Observability Module API Reference

The agentweave.observability module provides comprehensive monitoring, tracing, logging, and auditing capabilities for secure agents.

Key Features:

Prometheus metrics collection
OpenTelemetry distributed tracing
Structured JSON logging
Security audit trails
Trace context propagation
Multiple audit backends

Metrics

MetricsCollector

Import: from agentweave.observability import MetricsCollector

Collects and exposes Prometheus metrics for secure agents.

Constructor

MetricsCollector(
    agent_name: str,
    registry: CollectorRegistry | None = None,
    enabled: bool = True
)

Parameters:

agent_name (str): Name of the agent (added as label to all metrics)
registry (CollectorRegistry, optional): Prometheus registry (defaults to global REGISTRY)
enabled (bool): Whether metrics collection is enabled (default: True)

Available Metrics

Counters

agentweave_requests_total

Description: Total number of requests received
Labels: agent_name, capability, status

agentweave_auth_decisions_total

Description: Total number of authorization decisions
Labels: agent_name, peer_id, capability, decision

agentweave_errors_total

Description: Total number of errors
Labels: agent_name, error_type, capability

Histograms

agentweave_request_duration_seconds

Description: Request processing duration in seconds
Labels: agent_name, capability, status
Buckets: 0.005, 0.01, 0.025, 0.05, 0.1, 0.25, 0.5, 1.0, 2.5, 5.0, 10.0

agentweave_auth_check_duration_seconds

Description: Authorization check duration in seconds
Labels: agent_name, peer_id, capability
Buckets: 0.001, 0.005, 0.01, 0.025, 0.05, 0.1, 0.25, 0.5, 1.0

Gauges

agentweave_active_connections

Description: Number of active connections
Labels: agent_name, peer_id

agentweave_circuit_breaker_state

Description: Circuit breaker state (0=closed, 1=open, 2=half-open)
Labels: agent_name, peer_id

Methods

record_request

def record_request(capability: str, status: str) -> None

Record a completed request.

Parameters:

capability (str): Capability that was invoked
status (str): Status of the request (success, error, denied)

record_auth_decision

def record_auth_decision(
    peer_id: str,
    capability: str,
    decision: str
) -> None

Record an authorization decision.

Parameters:

peer_id (str): SPIFFE ID of the peer
capability (str): Capability being checked
decision (str): Decision result (allow, deny)

record_error

def record_error(
    error_type: str,
    capability: str = "unknown"
) -> None

Record an error.

Parameters:

error_type (str): Type of error (auth_error, transport_error, etc.)
capability (str): Capability where error occurred

time_request

@contextmanager
def time_request(capability: str, status: str)

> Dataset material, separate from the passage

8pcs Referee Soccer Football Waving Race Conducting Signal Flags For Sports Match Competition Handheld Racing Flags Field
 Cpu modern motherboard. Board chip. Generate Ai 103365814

Context manager to time request duration.

Parameters:

capability (str): Capability being invoked
status (str): Expected status

Example:

with metrics.time_request("search", "success"):
    await process_search()

time_auth_check

@contextmanager
def time_auth_check(peer_id: str, capability: str)

Context manager to time authorization check duration.

Parameters:

peer_id (str): SPIFFE ID of the peer
capability (str): Capability being checked

Example:

with metrics.time_auth_check(peer_id, "search"):
    decision = await check_authorization()

set_active_connections

def set_active_connections(peer_id: str, count: int) -> None

Set the number of active connections to a peer.

Parameters:

peer_id (str): SPIFFE ID of the peer
count (int): Number of active connections

increment_active_connections

def increment_active_connections(peer_id: str) -> None

Increment active connections counter.

Parameters:

peer_id (str): SPIFFE ID of the peer

decrement_active_connections

def decrement_active_connections(peer_id: str) -> None

Decrement active connections counter.

Parameters:

peer_id (str): SPIFFE ID of the peer

set_circuit_breaker_state

def set_circuit_breaker_state(peer_id: str, state: str) -> None

Set circuit breaker state for a peer.

Parameters:

peer_id (str): SPIFFE ID of the peer
state (str): State of circuit breaker (closed, open, half_open)

start_exposition_endpoint

def start_exposition_endpoint(
    port: int = 9090,
    addr: str = "0.0.0.0"
) -> None

Start Prometheus metrics exposition HTTP server.

Parameters:

port (int): Port to listen on (default: 9090)
addr (str): Address to bind to (default: "0.0.0.0")

Example

from agentweave.observability import MetricsCollector

# Create metrics collector
metrics = MetricsCollector(agent_name="search-agent", enabled=True)

# Start metrics endpoint
metrics.start_exposition_endpoint(port=9090)

# Record metrics
metrics.record_request("search", "success")
metrics.record_auth_decision(
    peer_id="spiffe://example.com/client",
    capability="search",
    decision="allow"
)

# Time operations
with metrics.time_request("search", "success"):
    result = await perform_search()

# Track connections
metrics.increment_active_connections("spiffe://example.com/client")

Tracing

TracingProvider

Import: from agentweave.observability import TracingProvider

Manages OpenTelemetry distributed tracing for secure agents with W3C Trace Context propagation.

Constructor

TracingProvider(
    agent_name: str,
    service_version: str = "1.0.0",
    otlp_endpoint: str | None = None,
    enabled: bool = True
)

Parameters:

agent_name (str): Name of the agent (added to trace metadata)
service_version (str): Version of the service (default: "1.0.0")
otlp_endpoint (str, optional): OTLP collector endpoint (e.g., "http://collector:4317")
enabled (bool): Whether tracing is enabled (default: True)

Context Managers

trace_incoming_request

@contextmanager
def trace_incoming_request(
    capability: str,
    caller_id: str,
    context: dict[str, str] | None = None
)

Create a span for an incoming request with automatic parent context extraction.

Parameters:

capability (str): Capability being invoked
caller_id (str): SPIFFE ID of the caller
context (dict, optional): Trace context from caller (for propagation)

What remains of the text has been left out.